1767 painting by Jean-Honoré Fragonard

The Swing (L'Escarpolette), also known as The Happy Accidents of the Swing (Les Hasards heureux de l'escarpolette, the original title), is an 18th-century oil painting by Jean-Honoré Fragonard in the Wallace Collection in London. It is considered to be one of the masterpieces of the Rococo era, and is Fragonard's best-known work.

==Description==
The painting depicts an elegantly dressed young woman on a swing.
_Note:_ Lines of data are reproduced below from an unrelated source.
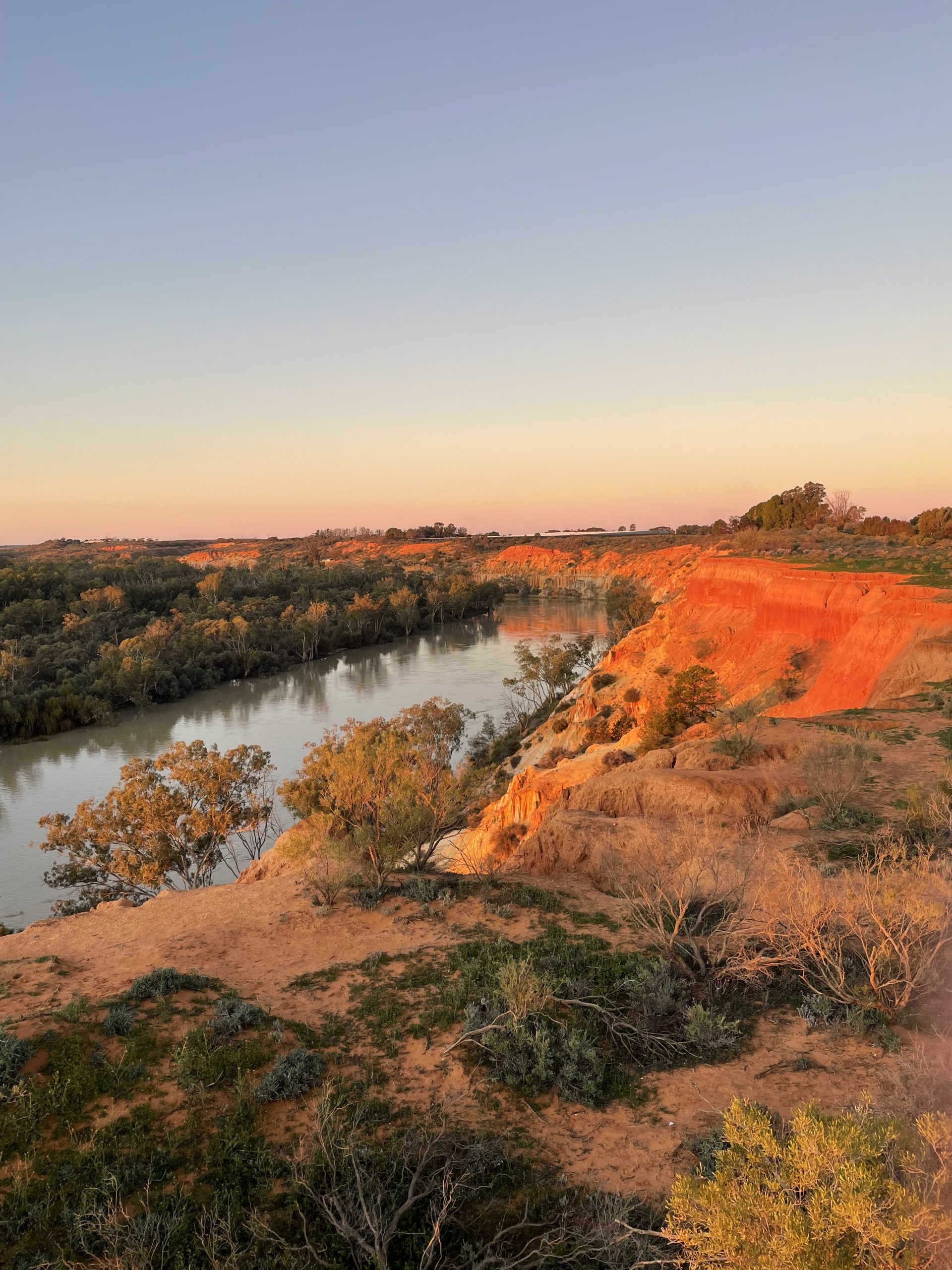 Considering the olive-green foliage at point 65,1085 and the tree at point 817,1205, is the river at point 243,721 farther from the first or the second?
the tree at point 817,1205

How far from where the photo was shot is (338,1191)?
230 inches

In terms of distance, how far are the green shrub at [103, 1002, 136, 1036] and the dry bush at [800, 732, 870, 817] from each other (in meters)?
12.2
A smiling young man, hiding in the bushes below and to the left, points towards her billowing dress with hat in hand. A smiling older man, who is nearly hidden in the shadows on the right, propels the swing with a pair of ropes, as a small white dog barks nearby. The lady is wearing a bergère hat (shepherdess hat), as she flings her shoe with an outstretched left foot. Two statues are present, one of a putto, who watches from above the young man on the left with its finger in front of its lips, the other of two putti are on the right beside the older man.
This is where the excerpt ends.